YOUR OBJECTIVE: Only one portion of the data is to be written out: from the line bearing "招牌虾面-明月虾面(厦禾路店)" through the line bearing "BANQUET Kastrol MARRONE 20cm 2,5L". Write it exactly as it appears.

Top of DATA FOR THE TASK

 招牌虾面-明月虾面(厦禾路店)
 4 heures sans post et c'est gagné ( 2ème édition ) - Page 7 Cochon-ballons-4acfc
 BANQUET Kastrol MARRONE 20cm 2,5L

Bottom of DATA FOR THE TASK
Top of DATA FOR THE TASK

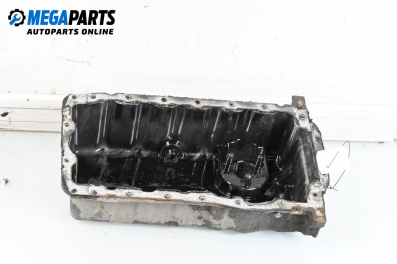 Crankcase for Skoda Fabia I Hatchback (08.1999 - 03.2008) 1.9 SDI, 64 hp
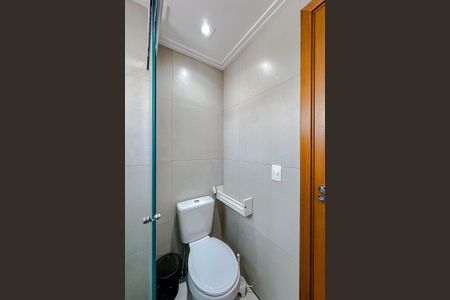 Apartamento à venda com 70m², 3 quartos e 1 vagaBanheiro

Bottom of DATA FOR THE TASK
Top of DATA FOR THE TASK

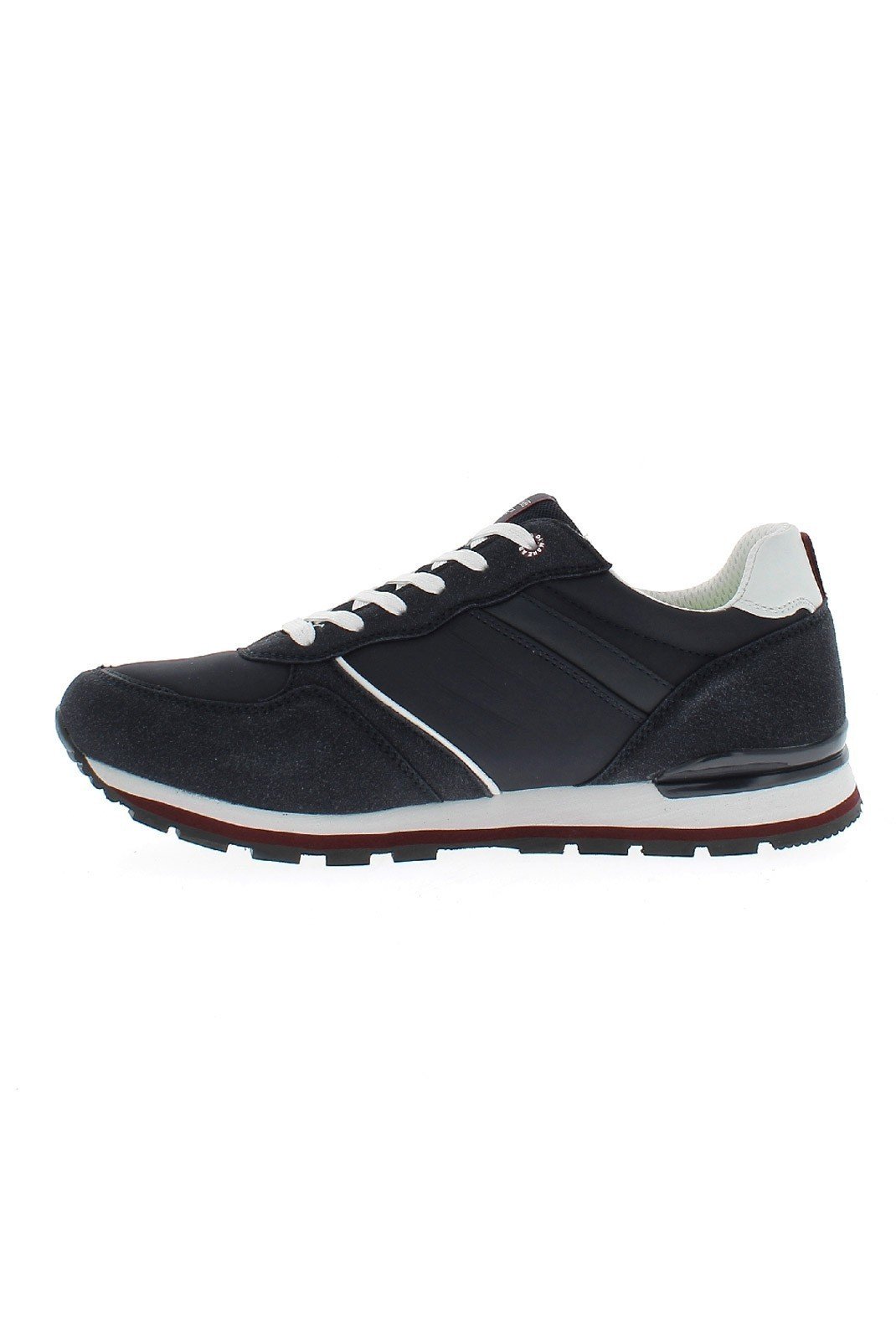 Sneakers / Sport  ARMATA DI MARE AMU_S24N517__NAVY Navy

Bottom of DATA FOR THE TASK

WRITTEN RESPONSE:
 招牌虾面-明月虾面(厦禾路店)
 4 heures sans post et c'est gagné ( 2ème édition ) - Page 7 Cochon-ballons-4acfc
 BANQUET Kastrol MARRONE 20cm 2,5L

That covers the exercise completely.